What we found on the listed closed-end fund market is that diversification and resilience is unreliable - it doesn't work in periods of extreme market stress.
James Lowe: What advice would you have for investors when you're looking at this landscape?
Solomon Nevins: In my previous firms, I managed strategies that had an allocation to both listed private asset strategies, investment trusts, and traditional private funds. So had the best of both worlds. What we found through that opportunity set was the private asset funds were much more resilient to periods of stress. 2022 was the classic example of that. While all listed or traded assets, including the traditional 60/40 equity-bond portfolio, fell very sharply, the private asset section of our portfolio held up very well and brought that resilience when we really needed it.
My takeaway from that experience was that having a core of true private assets within a multi-asset portfolio does bring that resilience.
Now, the closed-end fund market has opportunities for sure. When funds are trading at discount to the NAV, that presents the prospect for strong total returns as that discount to NAV compresses. There are some excellent managers on the closed-end fund side. But generally, we were looking to improve risk-adjusted returns, dampen volatility, reduce correlation to equity markets. That core to private asset funds was important.
For investors that have a long time horizon to invest in these areas and the flexibility to allocate to true private strategies, I think it makes a lot of sense.
James Lowe: Since you have previously built strategic asset allocations to private assets, can you share your insights?
Solomon Nevins: We had an assessment where we would invest across different private asset classes.

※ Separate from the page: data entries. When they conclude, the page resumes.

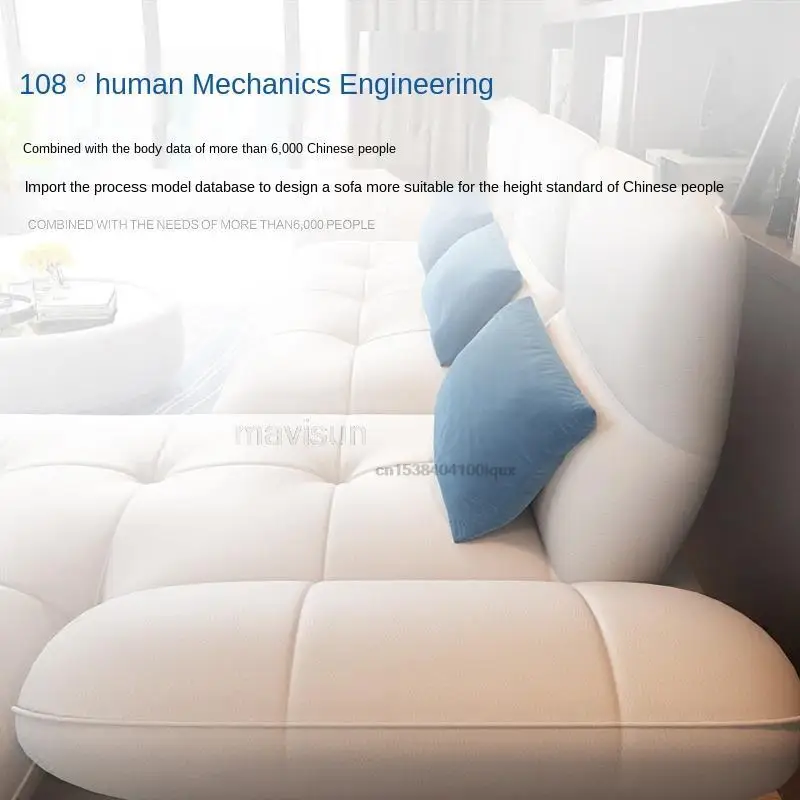 Современный Комбинированный Кожаный Диван первый слой из воловьей кожи размер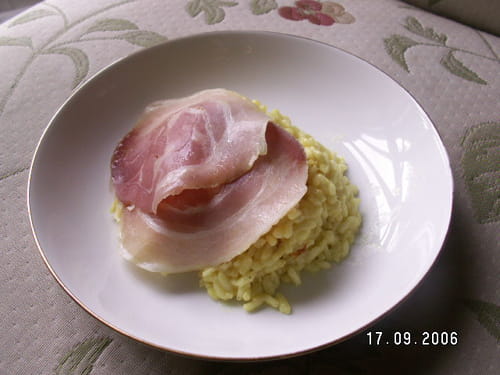 Risotto à la mozzarella de Bufflone et pancetta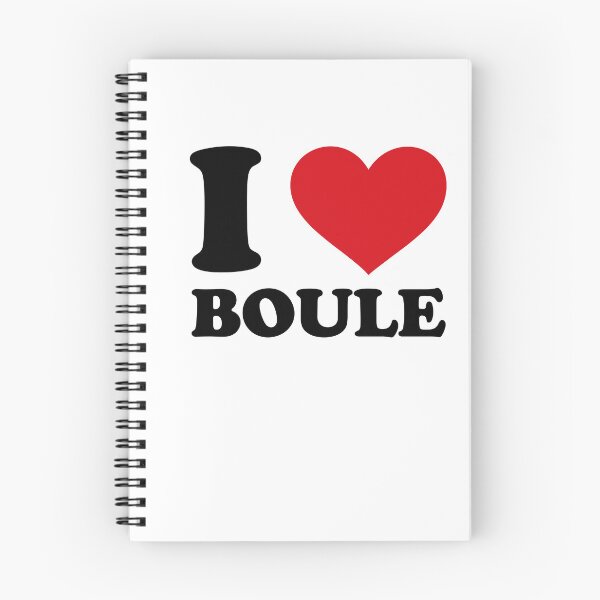 Item preview, I ❤️ Boule – Minimal Bold Style designed and sold by EmeraldeaArt.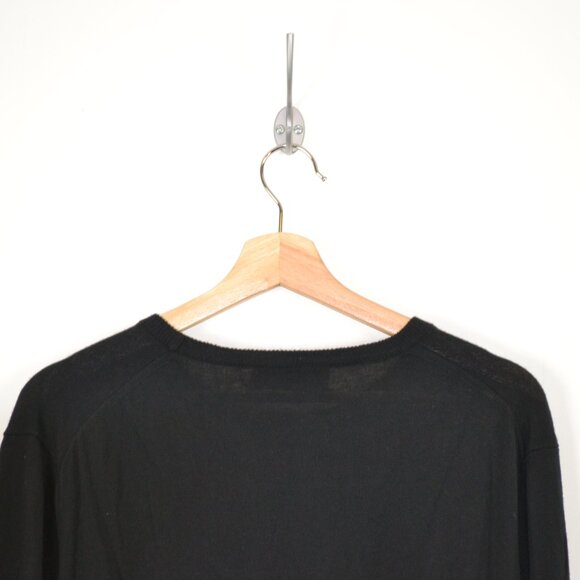 Combatant Gentlemen Mens L Cashmere Cotton Crew Neck Pullover Stretch Sweater - Picture 6 of 7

We would allocate to those areas I have mentioned before, based on the expected risk-adjusted returns. We would calculate return forecasts, recognising that each of the asset classes sits along a risk spectrum. At the upper end, you've got private equity, venture capital; and at the lower end, you've got core infrastructure.
Depending on what investors are looking to achieve in their portfolio, the allocations to these different types of asset classes will vary. What we often see is that private assets is considered a risky asset class. From a liquidity perspective, that's correct. But in terms of your sensitivity to the economic cycle or to financial markets, that's not always true, or it certainly varies across asset classes, and that's the consideration investors need to make.